What attendees will take away:
- Ability to find their core piece of content
- How to establish a UX Vision and design principles
- Prioritizing all the discrete pieces of content for both small and large screens
- Sketch out and document their RWD content models
- Move from modeling to prototyping
- Practical package of resources for repeating the process
Steve Fisher is the content nerd-herder and design fanatic at The Republic of Quality. With over 18 years of experience he leads the charge on the user experience end of projects, coordinating research, strategy, visual and interaction design, and content strategy. Steve is a professional member of the Graphic Designer’s Society of Canada and served as their national VP of web for three years.

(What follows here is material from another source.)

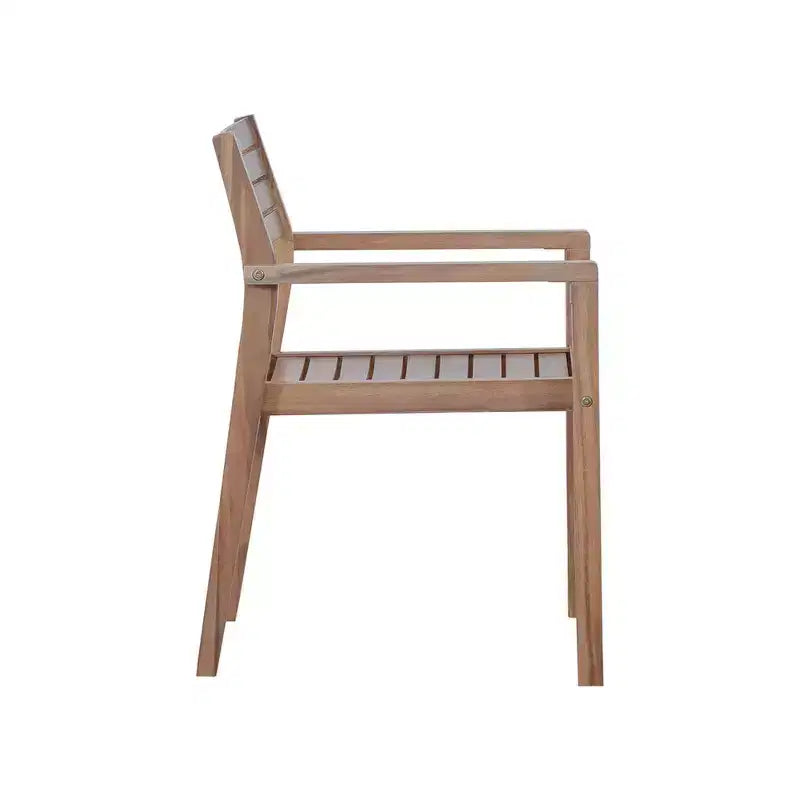 Ensemble de salle à manger d'extérieur 5 pièces Whisen avec table en bois d'acacia et 4 chaises, trou pour parasol, convient pour la pelouse, le jardin, le bord de la piscine et l'intérieur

He spends much of his time representing RoQ on the global stage as a sought-after speaker on topics like responsive web design, UX, open source, design thinking, and web process. He has presented at such conferences as TEDx, SXSW, Future of Web, HOW Interactive Design conference, Web Visions and DrupalCon, and is a contributor to .NET Magazine. He also loves Twitter (maybe a little too much).
Creative CSS: Animations, Transitions & UX
Start thinking of CSS in a whole new light using animations, transitions, and transforms. Plus learn how to make great UI animations while you’re at it!
In this workshop we’ll cover the basics of CSS animations, transitions and transforms; techniques for writing them efficiently; and specifically look at where they can best be used in our work — both as classy details and quality UI animations.
What we’ll cover:
- Animating with CSS animations and transitions
- Writing efficient animation & transition code (Including optional Sass tips if that’s your style.)
- Communicating with easing (What are you transitions saying anyways?)
- Where and how animation can improve UX
- Performance considerations, fallbacks and progressive enrichment
Who should attend:
This workshop is for web designers and front-end developers who want to add more sophisticated interactions and motion to their work.
What you should know:
What to bring:
A laptop with your favourite text editor and modern browser(s) is all you need.
Val Head is a designer obsessed with type and code. She works with agencies and small businesses to make effective websites. She also leads workshops on web design and creative coding around the world. Every year she brings a swarm of web designers to Pittsburgh for her conference, Web Design Day. Val is the author of The Pocket Guide to CSS Animations from Five Simple Steps.